Instructions for the task
Transcribe the entries exactly; images are not part of the copy.

[Short web captions]
- - - -

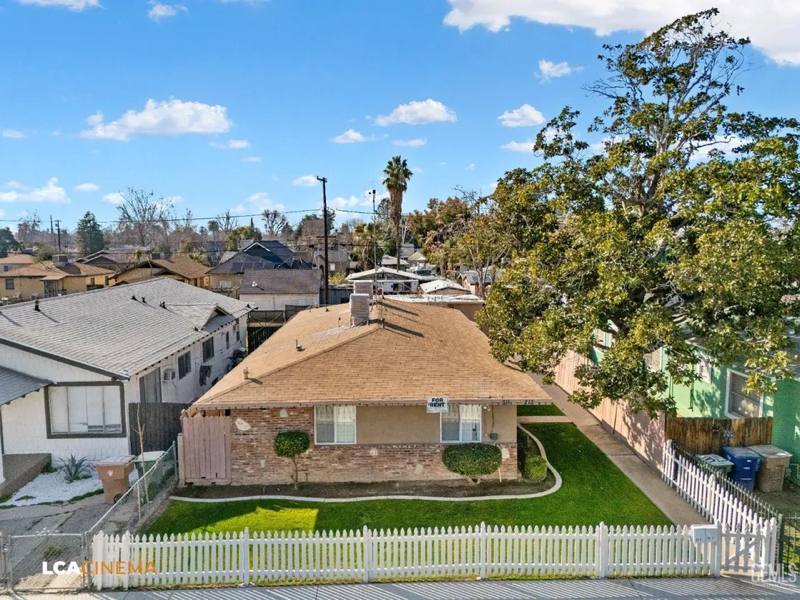 Apartment for rent at 311 F St, Bakersfield, CA 93304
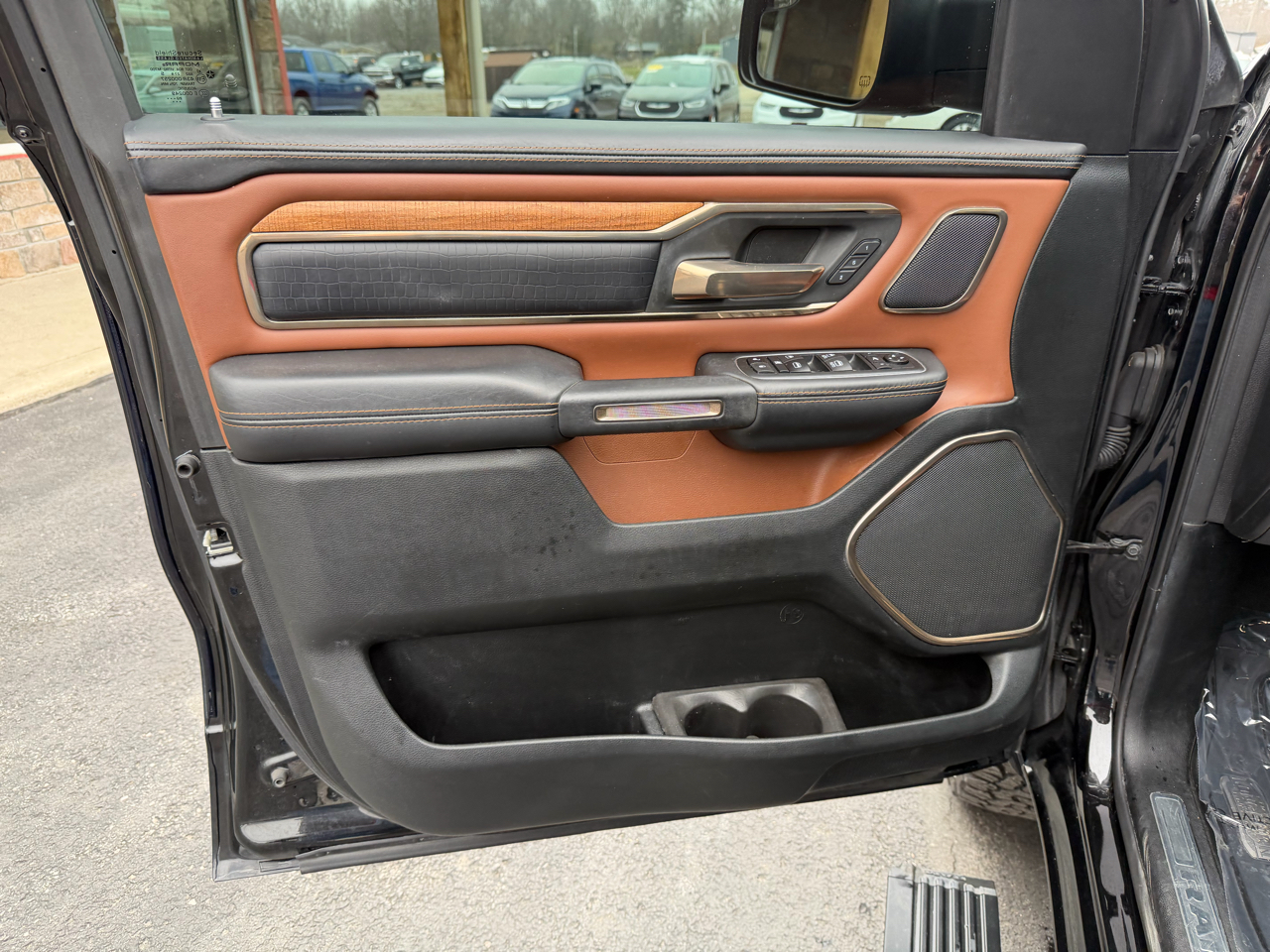 RAM 1500 Longhorn 4x4 Crew Cab 5'7" Box 2021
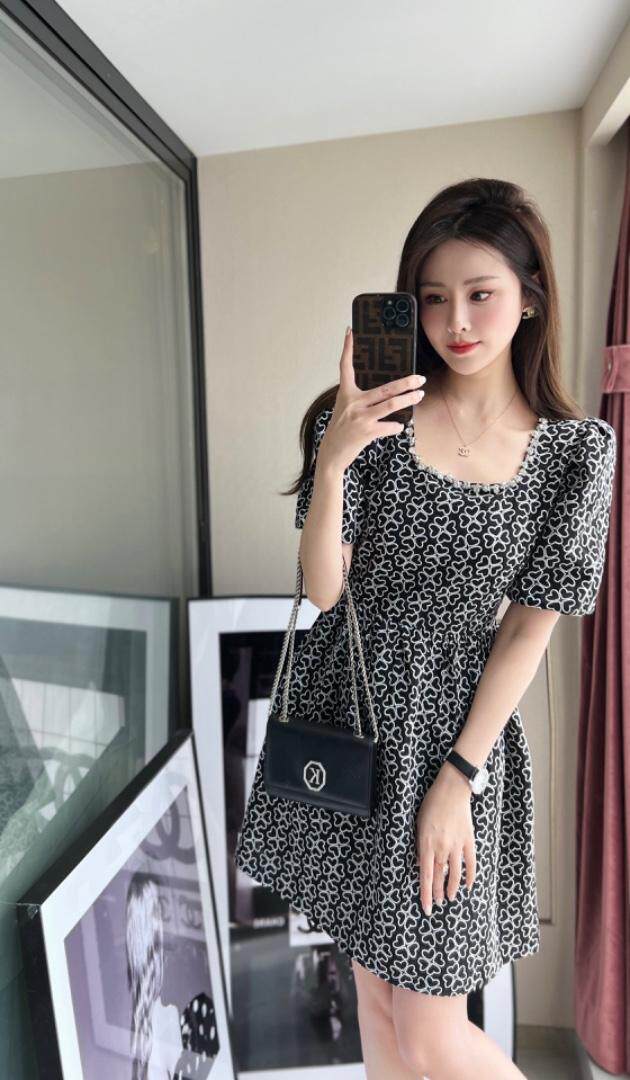 重工订钻刺绣减龄连衣裙，女装连衣裙，柏多伊俪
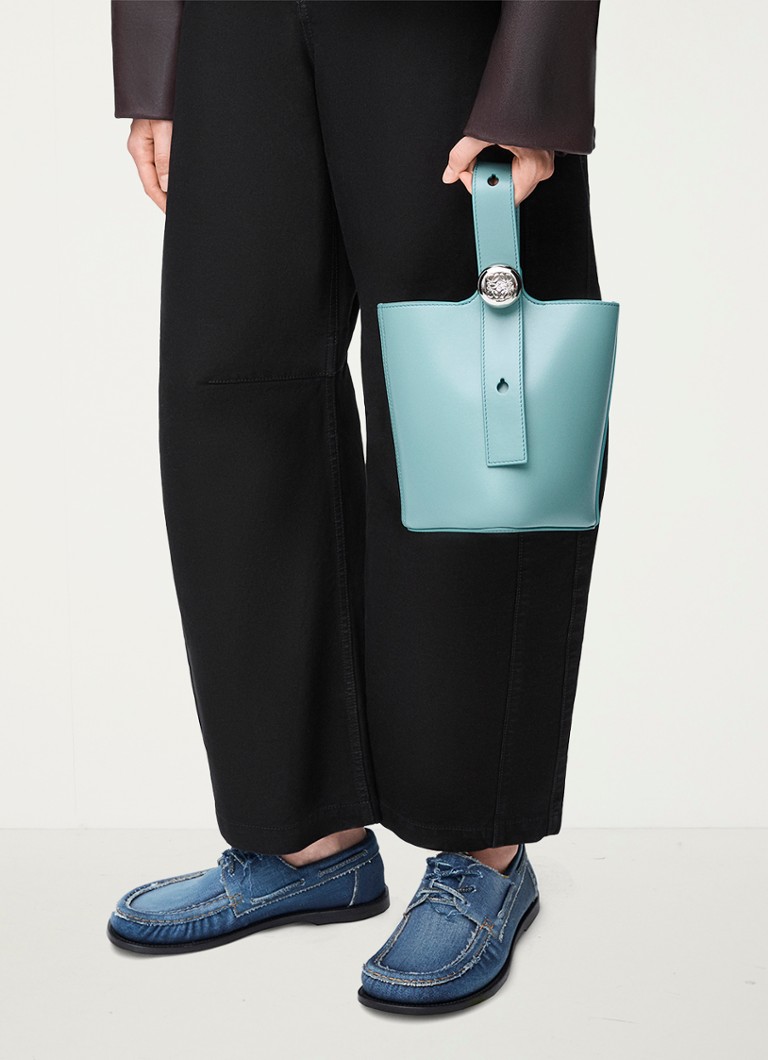 LOEWE Pebble Bucket Mini plecu soma no teļādas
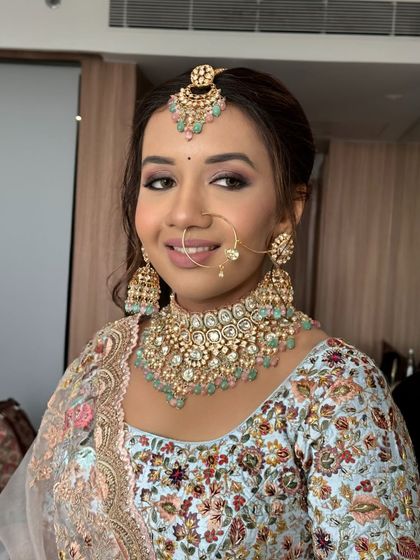 Modern Pastel & White Bridal Looks photo 30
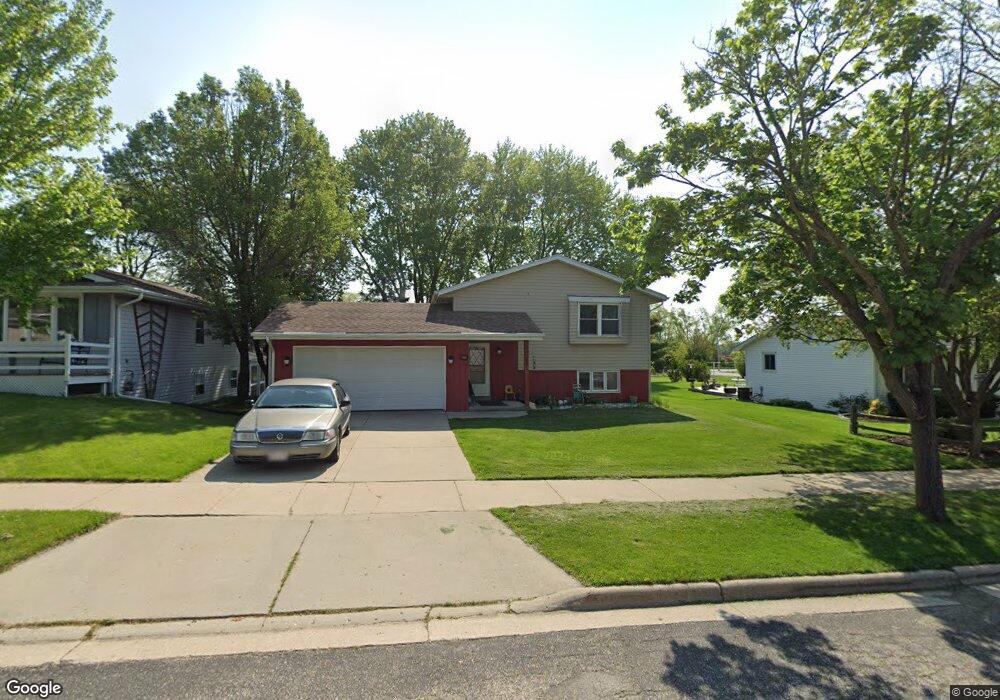 813 Kings Ridge Ct E, West Bend, WI 53090 - photo 1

- - - -

Answer to this task
 Apartment for rent at 311 F St, Bakersfield, CA 93304
 RAM 1500 Longhorn 4x4 Crew Cab 5'7" Box 2021
 重工订钻刺绣减龄连衣裙，女装连衣裙，柏多伊俪
 LOEWE Pebble Bucket Mini plecu soma no teļādas
 Modern Pastel & White Bridal Looks photo 30
 813 Kings Ridge Ct E, West Bend, WI 53090 - photo 1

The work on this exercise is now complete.